No sábado à noite, padre Júlio postou em seu Instagram a imagem que ilustra essa publicação informando que se tratava de Sorocaba. Em minutos haviam mais de 500 visualizações. Em uma hora eram mais de 1 mil. Depois 2 mil e nem sei quantas pessoas viram até agora, manhã de segunda-feira, quando escrevo essa postagem.
O horror da ameaça do cartaz, a pessoa que dormir na marquise do referido bar corre o risco de ser incendiada, dominou os milhares de comentários. Do compartilhamento de minha mulher a postagem de padre Júlio sucederam novos comentários e compartilhamentos, muitos endereçados à vereadora Fernanda Garcia do PSOL e ao ex-deputado estadual Raul Marcelo, afim de que eles tomem providências contra o dono do estabelecimento.
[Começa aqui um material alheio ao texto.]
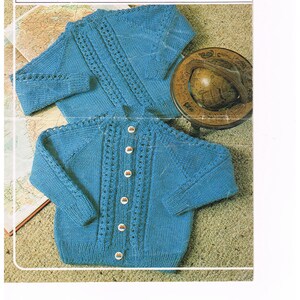 May include: A knitting pattern for a blue cardigan with button closures. The pattern is for sizes 20-26 inches chest and is called "Studley" and is number 922.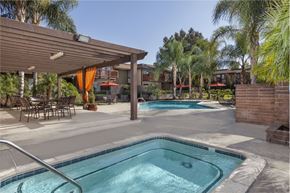 Riverside apartment for rent - A pool and jacuzzi with a patio with chairs and a table.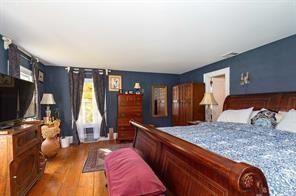 bedroom featuring dark hardwood / wood-style flooring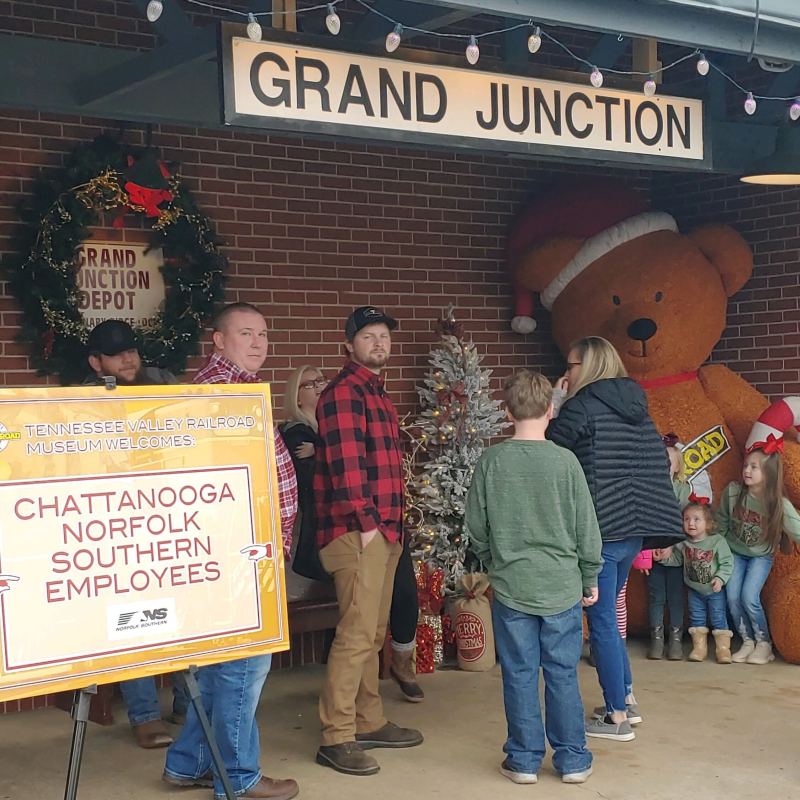a group of people standing in front of a sign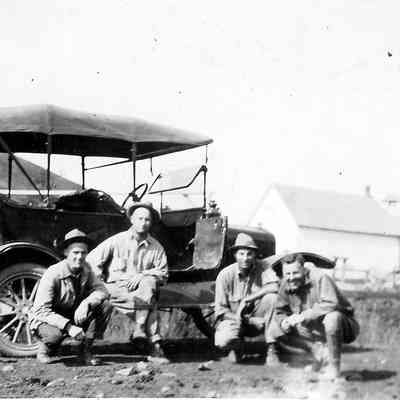Photograph of Four Men and a Car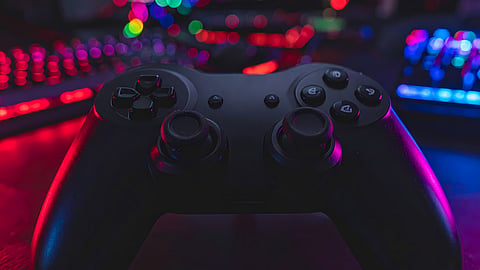 Gaming controller with RGB lighting in an esports gaming setup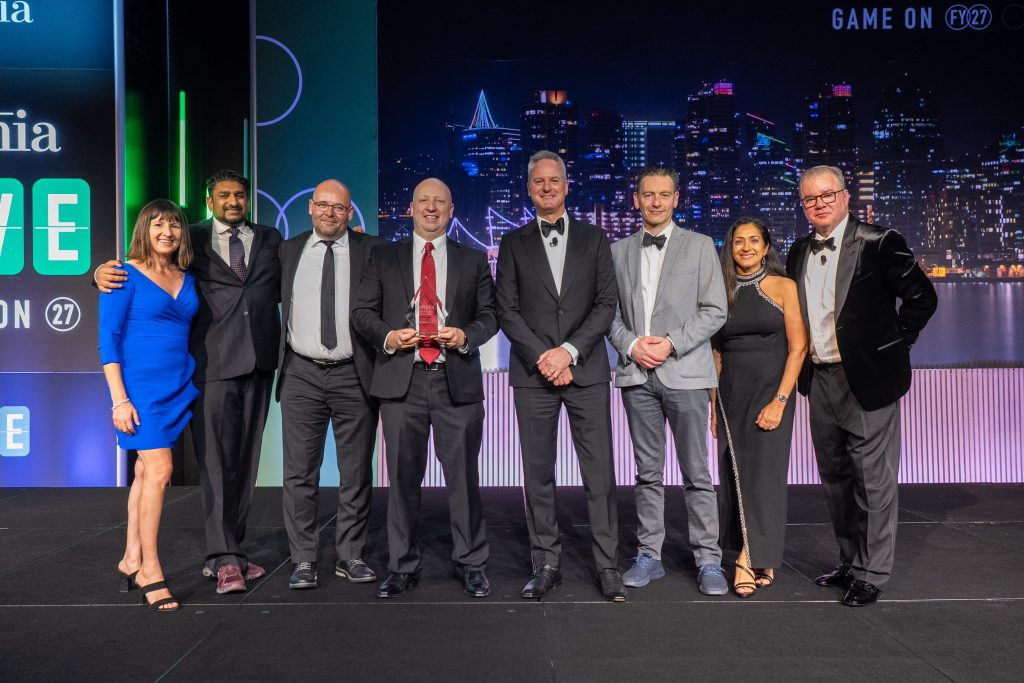 Diabsolut team members accepting the Certinia Partner of the Year 2025 award in San Diego.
Justo isso tudo! Que os donos de mandato, com assessoria jurídica e dinheiro para acessar o Poder Judiciário, invistam na denúncia do nome do estabelecimento, do seu dono e da ideologia por trás dessa ameaça.
O que não é justo e me incomoda é o teor de muitos dos comentários sobre o referido cartaz. Pessoas que deixaram de lado o horror da ameaça contida nele e centraram sua voz (que é o que eles pensam e, portanto, lhe são mais importante) no fato de ter sido em Sorocaba que este fato (o que mostra o cartaz) existe. Então falaram de sua vergonha de Sorocaba, de que a cidade aparece no noticiário de âmbito nacional apenas com atrocidades como essa, de que foi aqui que Bolsonaro teve sua maior votação (em termos de porcentagem), de que aqui existe o pior tipo de pessoa e por aí vão as manifestações. Uma mulher tentou defender a cidade e foi achincalhada.
Me senti, ao ouvir tais relatos sobre Sorocaba, como imagino que se sinta o cidadão russo porque o presidente do seu país, um crápula, invadiu a Ucrânia, começado uma guerra, e perdido qualquer razão, por esse ato, que pudesse ter para estar em conflito com a Ucrânia. Me senti como imagino que se sinta o russo que vê o mundo cancelando Tolstói, Dostoiévski, Maiakovski… Não há sentido achincalhar os russos porque um imbecil começou uma guerra, assim como não há em achincalhar Sorocaba porque um idiota colocou um cartaz ameaçando colocar fogo num morador de rua.
Como outra cidade qualquer, Sorocaba tem seus defeitos e suas qualidades. Não há defeito que destrua suas qualidades e nem qualidades que façam desaparecer seus defeitos.
Essas confusões (achincalhar Sorocaba e cancelar os autores russos) dizem muito sobre as pessoas e também do nosso tempo.